YEREVAN (Combined Sources)–Turkey benefited more from last month’s visit of its president to Armenia, said Armenia’s former foreign minister Vartan Oskanian Wednesday following the opening of his new think tank, the Civilitas Foundation.

“Turkey gained more than Armenia from Gul’s visit to Yerevan. Actually, it positioned itself as a regional power, capable of resolving conflicts in the South Caucasus. However, Turkey, in no way, can be a mediator in the Nagorno Karabakh conflict since it is a party to that conflict,” said Oskanian adding his belief that Armenia would never accept Turkey as an intermediary. Oskanian also characterized Gul’s visit as symbolic.

“For me, that decision’s being right or wrong will be obvious later on,” said Oskanian. “There is one criterion for the normalization of Turkish-Armenian relations. That is the opening of the [Turkish-Armenian] border or at least [cross-border] rail communication. There is no other criterion. Unless one of these two things happens in the coming months, I will say that Turkey has heavily exploited the political opportunity given to it.”

As to the possibility of opening of the Armenian-Turkish border, Oskanian said, "It will be a victory of Turkish diplomacy but opening of the border presupposes a number of conditions that Armenia will never accept, specifically the Armenian Genocide issue and Nagorno Karabakh. Discussions about the formation of a commission of historians is beneath criticism. The Armenian people will never renounce their principles."

Oskanian, who served as foreign minister throughout former President Robert Kocharian’s decade-long presidency, also commented on the Karabakh conflict resolution process.

Oskanian said that Armenia’should announce that it will not recognize the Nagorno Karabakh Republic as long as the OSCE Minsk Group Co-chairs acknowledge the right to self-determination of the people of Karabakh, a principle outlined in the Minsk Group’s Madrid proposal, the foundation document of the current negotiations process. He explained that the provision was secured in the document that is up for negotiation, and thus Armenia does not need to rush to recognition.

"And last but not least, no one should forget that the people of Nagorno Karabakh asserted their right to self-determination in a war launched by Azerbaijan. To prevent ethnic cleansing the people of Karabakh had to defend their territorial integrity," Oskanian emphasized.

On domestic issues, Oskanian expressed hope that President Serzh Sarkisian will grant an amnesty to dozens of arrested opposition members and sounded a note of caution about the Turkish-Armenian “football diplomacy.”
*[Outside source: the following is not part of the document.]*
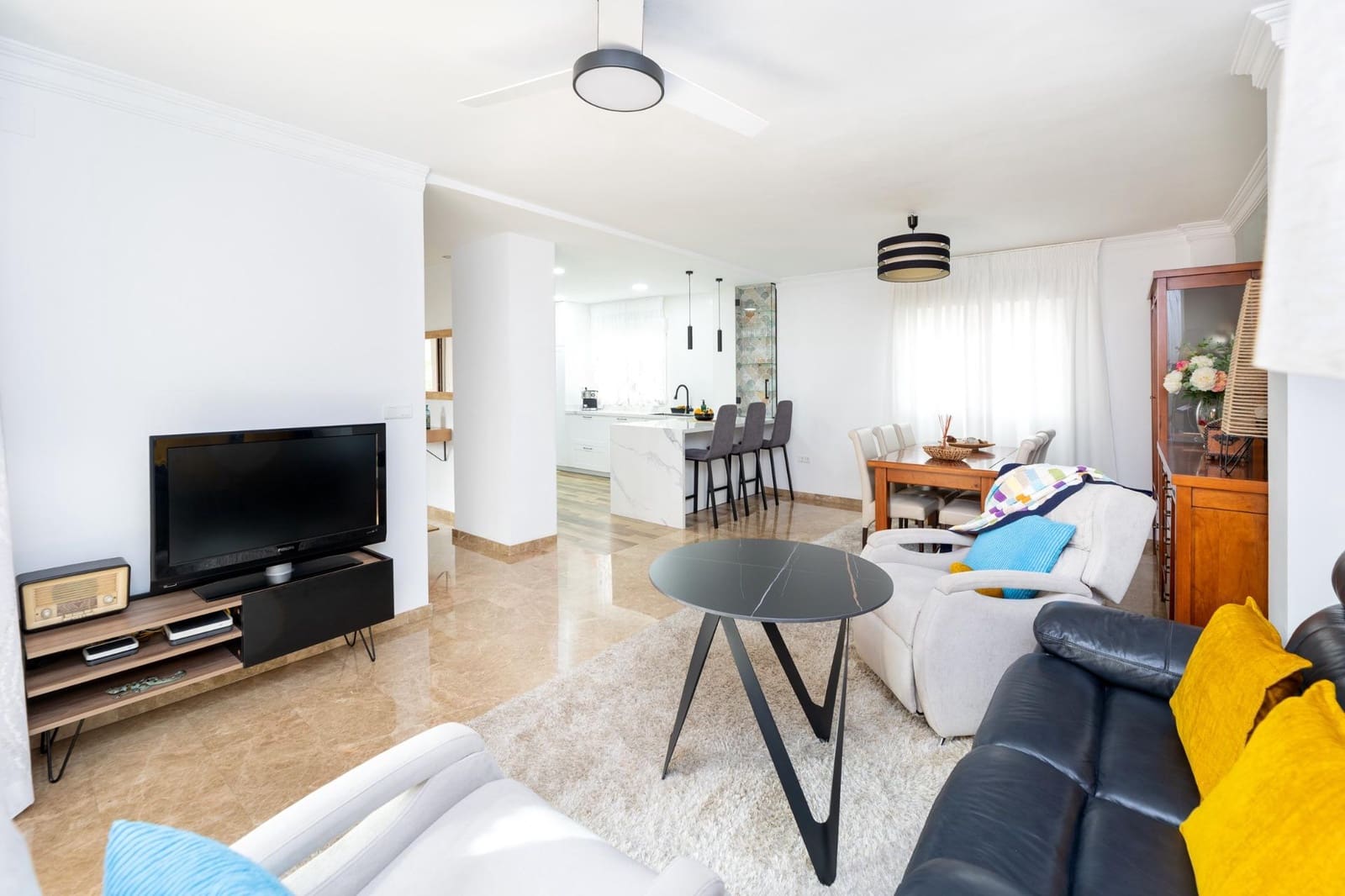 3 quarto Moradia Geminada para venda em Jun com garagem - 290 000 € (Ref: 9815828)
According to newspaper reports in Yerevan, Sarkisian could announce the amnesty in a speech at the Armenian parliament scheduled for Friday. Government officials declined to comment on this.

Oskanian said he was “very happy” to see those reports. “I don’t know if that’s true,” he told journalists. “The president will deliver a speech at the National Assembly tomorrow. There are expectations that he will declare an amnesty.”

Oskanian warned that Armenia increasingly risks being labeled by the international community as a country with political prisoners. “In that sense, we are already on the brink,” he said. “This issue needs a solution acceptable to the [government and opposition] parties and the Council of Europe.”